►
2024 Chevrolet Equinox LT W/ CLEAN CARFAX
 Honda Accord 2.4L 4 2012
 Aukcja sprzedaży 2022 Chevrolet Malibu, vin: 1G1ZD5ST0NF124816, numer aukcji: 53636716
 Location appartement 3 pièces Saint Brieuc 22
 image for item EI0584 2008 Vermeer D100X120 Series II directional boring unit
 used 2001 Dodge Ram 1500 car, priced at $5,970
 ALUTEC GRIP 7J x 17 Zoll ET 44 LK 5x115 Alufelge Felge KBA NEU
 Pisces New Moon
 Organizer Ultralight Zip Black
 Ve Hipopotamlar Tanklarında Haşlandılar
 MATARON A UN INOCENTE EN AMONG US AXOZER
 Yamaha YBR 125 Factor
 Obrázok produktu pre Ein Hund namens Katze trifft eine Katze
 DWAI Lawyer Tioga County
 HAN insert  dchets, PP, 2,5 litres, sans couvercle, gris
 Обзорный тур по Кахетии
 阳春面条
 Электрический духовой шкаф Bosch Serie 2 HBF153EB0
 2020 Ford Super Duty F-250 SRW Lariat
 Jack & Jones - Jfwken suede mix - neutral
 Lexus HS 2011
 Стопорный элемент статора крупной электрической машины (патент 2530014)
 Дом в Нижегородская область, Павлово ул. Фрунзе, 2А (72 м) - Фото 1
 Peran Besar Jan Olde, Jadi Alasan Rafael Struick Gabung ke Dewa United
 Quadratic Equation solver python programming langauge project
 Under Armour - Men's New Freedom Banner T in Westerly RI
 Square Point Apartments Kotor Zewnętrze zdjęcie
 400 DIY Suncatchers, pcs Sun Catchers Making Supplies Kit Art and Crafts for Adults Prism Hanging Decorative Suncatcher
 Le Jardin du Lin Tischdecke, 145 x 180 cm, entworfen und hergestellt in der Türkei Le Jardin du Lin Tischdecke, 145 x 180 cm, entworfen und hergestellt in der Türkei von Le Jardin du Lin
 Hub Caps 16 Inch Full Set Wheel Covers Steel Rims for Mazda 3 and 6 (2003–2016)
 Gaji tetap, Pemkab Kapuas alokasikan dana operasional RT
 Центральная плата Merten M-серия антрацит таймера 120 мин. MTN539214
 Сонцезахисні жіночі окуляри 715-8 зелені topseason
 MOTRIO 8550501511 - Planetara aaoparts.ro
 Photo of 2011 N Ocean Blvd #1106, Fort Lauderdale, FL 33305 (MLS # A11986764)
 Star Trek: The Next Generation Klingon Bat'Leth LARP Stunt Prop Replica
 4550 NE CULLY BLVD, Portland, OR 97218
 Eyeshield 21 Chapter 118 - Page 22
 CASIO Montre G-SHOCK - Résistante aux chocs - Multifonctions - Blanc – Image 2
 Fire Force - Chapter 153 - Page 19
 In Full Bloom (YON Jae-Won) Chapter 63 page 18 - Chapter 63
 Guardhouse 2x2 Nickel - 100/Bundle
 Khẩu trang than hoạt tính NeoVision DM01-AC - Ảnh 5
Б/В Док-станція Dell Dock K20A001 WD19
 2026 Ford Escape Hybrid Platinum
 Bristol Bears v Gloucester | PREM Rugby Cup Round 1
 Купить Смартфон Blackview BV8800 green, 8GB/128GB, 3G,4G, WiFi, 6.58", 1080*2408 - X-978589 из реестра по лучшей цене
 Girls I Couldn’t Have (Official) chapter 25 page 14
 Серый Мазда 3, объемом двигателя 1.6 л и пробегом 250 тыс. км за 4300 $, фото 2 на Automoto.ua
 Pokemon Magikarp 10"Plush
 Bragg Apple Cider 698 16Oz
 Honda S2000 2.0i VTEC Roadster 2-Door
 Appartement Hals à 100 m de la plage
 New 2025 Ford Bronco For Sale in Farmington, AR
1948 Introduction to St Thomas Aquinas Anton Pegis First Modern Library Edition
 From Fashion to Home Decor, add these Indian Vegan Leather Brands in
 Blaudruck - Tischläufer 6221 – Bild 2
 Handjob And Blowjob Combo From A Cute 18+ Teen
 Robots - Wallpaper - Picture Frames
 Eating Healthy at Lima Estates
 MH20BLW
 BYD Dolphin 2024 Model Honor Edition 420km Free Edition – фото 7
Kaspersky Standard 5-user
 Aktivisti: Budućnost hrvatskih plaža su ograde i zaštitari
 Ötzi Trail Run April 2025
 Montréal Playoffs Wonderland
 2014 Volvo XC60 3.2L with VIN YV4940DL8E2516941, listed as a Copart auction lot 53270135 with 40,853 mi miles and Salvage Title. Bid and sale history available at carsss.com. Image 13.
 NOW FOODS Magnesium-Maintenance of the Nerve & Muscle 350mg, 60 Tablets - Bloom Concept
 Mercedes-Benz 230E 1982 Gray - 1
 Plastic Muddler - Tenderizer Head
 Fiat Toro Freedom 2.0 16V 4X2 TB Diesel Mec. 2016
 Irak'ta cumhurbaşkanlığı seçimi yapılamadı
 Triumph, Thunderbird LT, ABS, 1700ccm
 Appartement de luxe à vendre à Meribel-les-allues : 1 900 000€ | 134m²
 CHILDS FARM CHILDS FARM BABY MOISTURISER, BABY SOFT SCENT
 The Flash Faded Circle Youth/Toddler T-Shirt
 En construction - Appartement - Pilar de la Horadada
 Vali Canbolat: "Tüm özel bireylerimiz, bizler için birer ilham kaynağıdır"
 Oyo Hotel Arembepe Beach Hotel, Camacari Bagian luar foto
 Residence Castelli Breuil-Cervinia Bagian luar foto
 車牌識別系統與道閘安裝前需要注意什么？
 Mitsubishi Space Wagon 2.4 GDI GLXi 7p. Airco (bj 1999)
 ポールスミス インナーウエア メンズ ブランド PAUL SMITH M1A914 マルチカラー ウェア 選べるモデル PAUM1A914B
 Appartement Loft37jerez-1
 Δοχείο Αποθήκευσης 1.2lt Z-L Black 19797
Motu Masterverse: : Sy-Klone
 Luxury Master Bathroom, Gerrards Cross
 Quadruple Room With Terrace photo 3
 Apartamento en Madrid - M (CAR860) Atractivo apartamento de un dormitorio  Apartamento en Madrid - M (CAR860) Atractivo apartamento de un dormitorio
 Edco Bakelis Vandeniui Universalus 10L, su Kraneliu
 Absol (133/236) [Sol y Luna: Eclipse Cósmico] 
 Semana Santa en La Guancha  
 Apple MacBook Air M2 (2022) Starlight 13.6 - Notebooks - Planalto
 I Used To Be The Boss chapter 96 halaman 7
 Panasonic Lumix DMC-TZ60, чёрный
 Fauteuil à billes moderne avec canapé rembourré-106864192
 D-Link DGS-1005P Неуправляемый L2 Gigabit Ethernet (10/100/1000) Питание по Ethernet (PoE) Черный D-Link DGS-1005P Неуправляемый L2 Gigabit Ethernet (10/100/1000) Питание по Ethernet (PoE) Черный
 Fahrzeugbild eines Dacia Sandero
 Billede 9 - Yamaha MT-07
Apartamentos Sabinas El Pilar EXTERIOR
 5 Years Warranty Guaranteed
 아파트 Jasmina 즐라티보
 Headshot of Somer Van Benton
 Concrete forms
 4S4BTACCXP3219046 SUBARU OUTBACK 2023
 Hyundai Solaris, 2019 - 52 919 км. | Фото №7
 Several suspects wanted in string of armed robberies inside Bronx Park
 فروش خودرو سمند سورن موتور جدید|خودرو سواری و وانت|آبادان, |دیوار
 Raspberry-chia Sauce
◄
• Work required: Word for word, output all of the material above.

• Response box:
2024 Chevrolet Equinox LT W/ CLEAN CARFAX
 Honda Accord 2.4L 4 2012
 Aukcja sprzedaży 2022 Chevrolet Malibu, vin: 1G1ZD5ST0NF124816, numer aukcji: 53636716
 Location appartement 3 pièces Saint Brieuc 22
 image for item EI0584 2008 Vermeer D100X120 Series II directional boring unit
 used 2001 Dodge Ram 1500 car, priced at $5,970
 ALUTEC GRIP 7J x 17 Zoll ET 44 LK 5x115 Alufelge Felge KBA NEU
 Pisces New Moon
 Organizer Ultralight Zip Black
 Ve Hipopotamlar Tanklarında Haşlandılar
 MATARON A UN INOCENTE EN AMONG US AXOZER
 Yamaha YBR 125 Factor
 Obrázok produktu pre Ein Hund namens Katze trifft eine Katze
 DWAI Lawyer Tioga County
 HAN insert  dchets, PP, 2,5 litres, sans couvercle, gris
 Обзорный тур по Кахетии
 阳春面条
 Электрический духовой шкаф Bosch Serie 2 HBF153EB0
 2020 Ford Super Duty F-250 SRW Lariat
 Jack & Jones - Jfwken suede mix - neutral
 Lexus HS 2011
 Стопорный элемент статора крупной электрической машины (патент 2530014)
 Дом в Нижегородская область, Павлово ул. Фрунзе, 2А (72 м) - Фото 1
 Peran Besar Jan Olde, Jadi Alasan Rafael Struick Gabung ke Dewa United
 Quadratic Equation solver python programming langauge project
 Under Armour - Men's New Freedom Banner T in Westerly RI
 Square Point Apartments Kotor Zewnętrze zdjęcie
 400 DIY Suncatchers, pcs Sun Catchers Making Supplies Kit Art and Crafts for Adults Prism Hanging Decorative Suncatcher
 Le Jardin du Lin Tischdecke, 145 x 180 cm, entworfen und hergestellt in der Türkei Le Jardin du Lin Tischdecke, 145 x 180 cm, entworfen und hergestellt in der Türkei von Le Jardin du Lin
 Hub Caps 16 Inch Full Set Wheel Covers Steel Rims for Mazda 3 and 6 (2003–2016)
 Gaji tetap, Pemkab Kapuas alokasikan dana operasional RT
 Центральная плата Merten M-серия антрацит таймера 120 мин. MTN539214
 Сонцезахисні жіночі окуляри 715-8 зелені topseason
 MOTRIO 8550501511 - Planetara aaoparts.ro
 Photo of 2011 N Ocean Blvd #1106, Fort Lauderdale, FL 33305 (MLS # A11986764)
 Star Trek: The Next Generation Klingon Bat'Leth LARP Stunt Prop Replica
 4550 NE CULLY BLVD, Portland, OR 97218
 Eyeshield 21 Chapter 118 - Page 22
 CASIO Montre G-SHOCK - Résistante aux chocs - Multifonctions - Blanc – Image 2
 Fire Force - Chapter 153 - Page 19
 In Full Bloom (YON Jae-Won) Chapter 63 page 18 - Chapter 63
 Guardhouse 2x2 Nickel - 100/Bundle
 Khẩu trang than hoạt tính NeoVision DM01-AC - Ảnh 5
Б/В Док-станція Dell Dock K20A001 WD19
 2026 Ford Escape Hybrid Platinum
 Bristol Bears v Gloucester | PREM Rugby Cup Round 1
 Купить Смартфон Blackview BV8800 green, 8GB/128GB, 3G,4G, WiFi, 6.58", 1080*2408 - X-978589 из реестра по лучшей цене
 Girls I Couldn’t Have (Official) chapter 25 page 14
 Серый Мазда 3, объемом двигателя 1.6 л и пробегом 250 тыс. км за 4300 $, фото 2 на Automoto.ua
 Pokemon Magikarp 10"Plush
 Bragg Apple Cider 698 16Oz
 Honda S2000 2.0i VTEC Roadster 2-Door
 Appartement Hals à 100 m de la plage
 New 2025 Ford Bronco For Sale in Farmington, AR
1948 Introduction to St Thomas Aquinas Anton Pegis First Modern Library Edition
 From Fashion to Home Decor, add these Indian Vegan Leather Brands in
 Blaudruck - Tischläufer 6221 – Bild 2
 Handjob And Blowjob Combo From A Cute 18+ Teen
 Robots - Wallpaper - Picture Frames
 Eating Healthy at Lima Estates
 MH20BLW
 BYD Dolphin 2024 Model Honor Edition 420km Free Edition – фото 7
Kaspersky Standard 5-user
 Aktivisti: Budućnost hrvatskih plaža su ograde i zaštitari
 Ötzi Trail Run April 2025
 Montréal Playoffs Wonderland
 2014 Volvo XC60 3.2L with VIN YV4940DL8E2516941, listed as a Copart auction lot 53270135 with 40,853 mi miles and Salvage Title. Bid and sale history available at carsss.com. Image 13.
 NOW FOODS Magnesium-Maintenance of the Nerve & Muscle 350mg, 60 Tablets - Bloom Concept
 Mercedes-Benz 230E 1982 Gray - 1
 Plastic Muddler - Tenderizer Head
 Fiat Toro Freedom 2.0 16V 4X2 TB Diesel Mec. 2016
 Irak'ta cumhurbaşkanlığı seçimi yapılamadı
 Triumph, Thunderbird LT, ABS, 1700ccm
 Appartement de luxe à vendre à Meribel-les-allues : 1 900 000€ | 134m²
 CHILDS FARM CHILDS FARM BABY MOISTURISER, BABY SOFT SCENT
 The Flash Faded Circle Youth/Toddler T-Shirt
 En construction - Appartement - Pilar de la Horadada
 Vali Canbolat: "Tüm özel bireylerimiz, bizler için birer ilham kaynağıdır"
 Oyo Hotel Arembepe Beach Hotel, Camacari Bagian luar foto
 Residence Castelli Breuil-Cervinia Bagian luar foto
 車牌識別系統與道閘安裝前需要注意什么？
 Mitsubishi Space Wagon 2.4 GDI GLXi 7p. Airco (bj 1999)
 ポールスミス インナーウエア メンズ ブランド PAUL SMITH M1A914 マルチカラー ウェア 選べるモデル PAUM1A914B
 Appartement Loft37jerez-1
 Δοχείο Αποθήκευσης 1.2lt Z-L Black 19797
Motu Masterverse: : Sy-Klone
 Luxury Master Bathroom, Gerrards Cross
 Quadruple Room With Terrace photo 3
 Apartamento en Madrid - M (CAR860) Atractivo apartamento de un dormitorio  Apartamento en Madrid - M (CAR860) Atractivo apartamento de un dormitorio
 Edco Bakelis Vandeniui Universalus 10L, su Kraneliu
 Absol (133/236) [Sol y Luna: Eclipse Cósmico] 
 Semana Santa en La Guancha  
 Apple MacBook Air M2 (2022) Starlight 13.6 - Notebooks - Planalto
 I Used To Be The Boss chapter 96 halaman 7
 Panasonic Lumix DMC-TZ60, чёрный
 Fauteuil à billes moderne avec canapé rembourré-106864192
 D-Link DGS-1005P Неуправляемый L2 Gigabit Ethernet (10/100/1000) Питание по Ethernet (PoE) Черный D-Link DGS-1005P Неуправляемый L2 Gigabit Ethernet (10/100/1000) Питание по Ethernet (PoE) Черный
 Fahrzeugbild eines Dacia Sandero
 Billede 9 - Yamaha MT-07
Apartamentos Sabinas El Pilar EXTERIOR
 5 Years Warranty Guaranteed
 아파트 Jasmina 즐라티보
 Headshot of Somer Van Benton
 Concrete forms
 4S4BTACCXP3219046 SUBARU OUTBACK 2023
 Hyundai Solaris, 2019 - 52 919 км. | Фото №7
 Several suspects wanted in string of armed robberies inside Bronx Park
 فروش خودرو سمند سورن موتور جدید|خودرو سواری و وانت|آبادان, |دیوار
 Raspberry-chia Sauce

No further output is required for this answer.